EXPOSE DU LITIGE
Par acte de Commissaire de justice du 09 février 2026, Monsieur [N] [T] et l'EARL [A] AGRICOLE ont fait assigner Monsieur [H] [C] devant le Premier Président de la Cour d'appel de Dijon, statuant en référé, à l'effet que soit arrêtée l'exécution provisoire attachée à un jugement rendu le 09 décembre 2025 par le Tribunal paritaire des baux ruraux de Chaumont lequel a prononcé, avec toutes conséquences de droit, la résiliation du bail verbal rural conclu entre Madame [R] [C], aux droits duquel vient Monsieur [H] [C] et Monsieur [N] [T] portant sur diverses parcelles situées à CHAMBRONCOURT et MANOIS en Haute-Marne d'une contenance totale d'un peu moins de 12ha.
Ils sollicitent en outre le paiement d'une indemnité de procédure.
Au soutien de leur demande fondée sur les dispositions de l'article 514-3 du Code de procédure civile, M. [N] [T] et l'EARL [A] AGRICOLE qui ont formé appel de la décision précitée le 08 janvier 2026, font notamment valoir que celle-ci serait susceptible de réformation compte tenu d'une mauvaise appréciation des conditions de la cession prohibée tant en ce qui concerne l'exigence de la qualité «d'associé exploitant» que dans la détermination de la «participation effective et permanente aux travaux».
Ils soutiennent aussi que la juridiction de première instance aurait commis une erreur dans l'appréciation des dispositions des articles L 411-31 et L 411-37 du code rural.
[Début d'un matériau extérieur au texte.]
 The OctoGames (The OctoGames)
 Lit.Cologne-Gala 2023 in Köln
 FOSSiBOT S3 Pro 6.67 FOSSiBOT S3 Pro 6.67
Ils se prévalent, par ailleurs, de l'existence de conséquences manifestement excessives engendrées par une expulsion susceptible de survenir en cours de période culturale, des frais ayant d'ores et déjà été engagés à concurrence de près de 8 000 euros et un préjudice conséquent pouvant aussi découler tant de la perte d'aides européennes à la politique agricole commune que des pertes d'exploitation fragilisant ainsi la pérennité d'une exploitation faisant vivre 05 personnes, outre 03 saisonniers, et devant procéder à des remboursements de prêt.
M. [H] [C] s'est opposé aux prétentions adverses en soulevant, avant toute défense au fond, l'irrecevabilité de la demande d'arrêt de l'exécution provisoire faute pour les demandeurs, n'ayant pas fait valoir en première instance d'observations sur les conséquences découlant de l'exécution provisoire, de justifier de l'existence de conséquences manifestement excessives s'étant révélées postérieurement à la décision de première instance.
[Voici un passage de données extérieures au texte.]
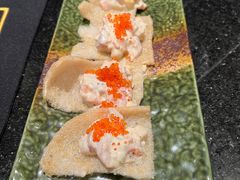 -金沙滩喜来登度假酒店-雅日本餐厅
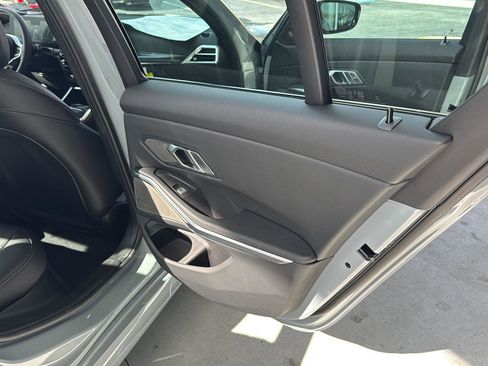 New 2026 BMW M340i xDrive image 13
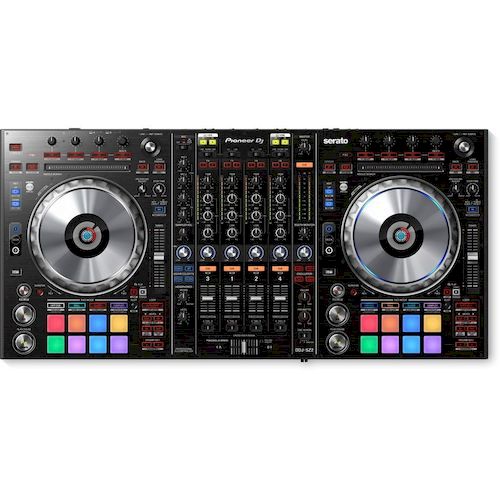 CONTROLADOR DJ PIONEER DJ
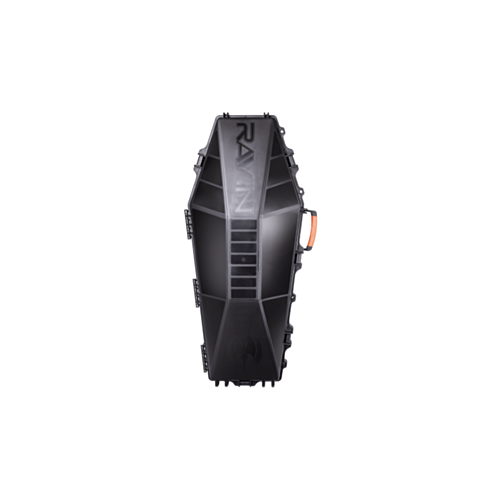 Ravin Hard Case, R10X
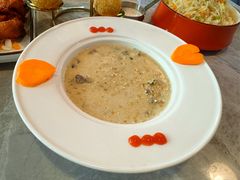 -木尔坦·Multan巴基斯坦清真餐厅halal(大智嘉园店)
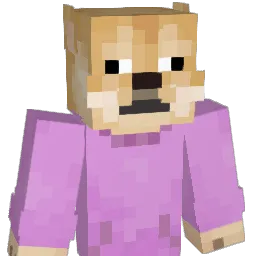 Dagech_'s Minecraft skin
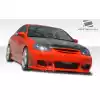 2001-2003 Honda Civic 2DR Duraflex B-2 Body Kit - 4 Piece - Image 7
De façon subsidiaire, il conteste l'existence de moyens sérieux de réformation de la décision de première instance en s'associant à la motivation retenue ainsi que la pertinence du moyen tiré de prétendues conséquences manifestement excessives.
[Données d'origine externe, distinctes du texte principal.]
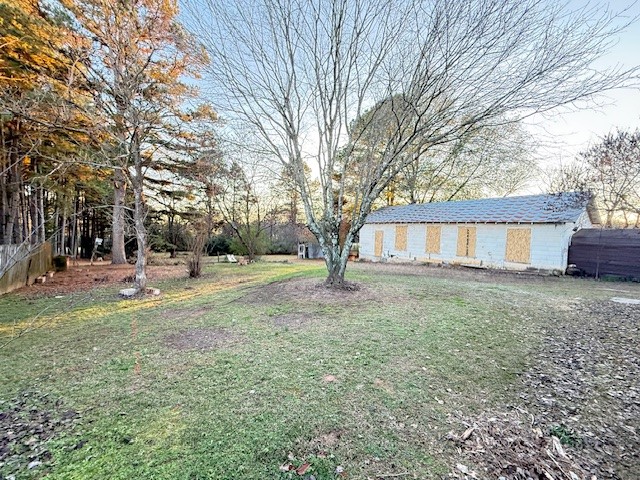 Lamar 13923 - Residential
Il forme, de façon reconventionnelle, une demande visant à ce que les pièces 4 et 7 de la partie adverse, qualifiées de faux soient écartés des débats ainsi qu'une demande en paiement d'une indemnité de procédure.
Dans leurs conclusions en réplique, M. [N] [T] et l'EARL [A] AGRICOLE maintiennent l'intégralité de leurs prétentions en les explicitant et en indiquant notamment que les conséquences financières liées à la perte de plus de 18 ha de surface sur les deux exploitations en cause se seraient nécessairement révélées postérieurement aux décisions rendues.
Dans ses conclusions récapitulatives, M. [H] [C] a notamment maintenu son moyen d'irrecevabilité en l'absence de tout élément nouveau survenu ou seulement révélé après le jugement contesté et a formé une demande additionnelle visant à ce que la pièce 12 de la partie adverse soit, elle aussi, écartée.
Dans leurs conclusions dernières en date, M. [N] [T] et l'EARL [A] AGRICOLE se sont notamment opposés à tout demande tendant à ce que des pièces contradictoirement produites soient écartées des débats faute d'en établir la fausseté alléguée.
L'affaire a été mise en délibéré par voie de mise à disposition au 28 avril 2026.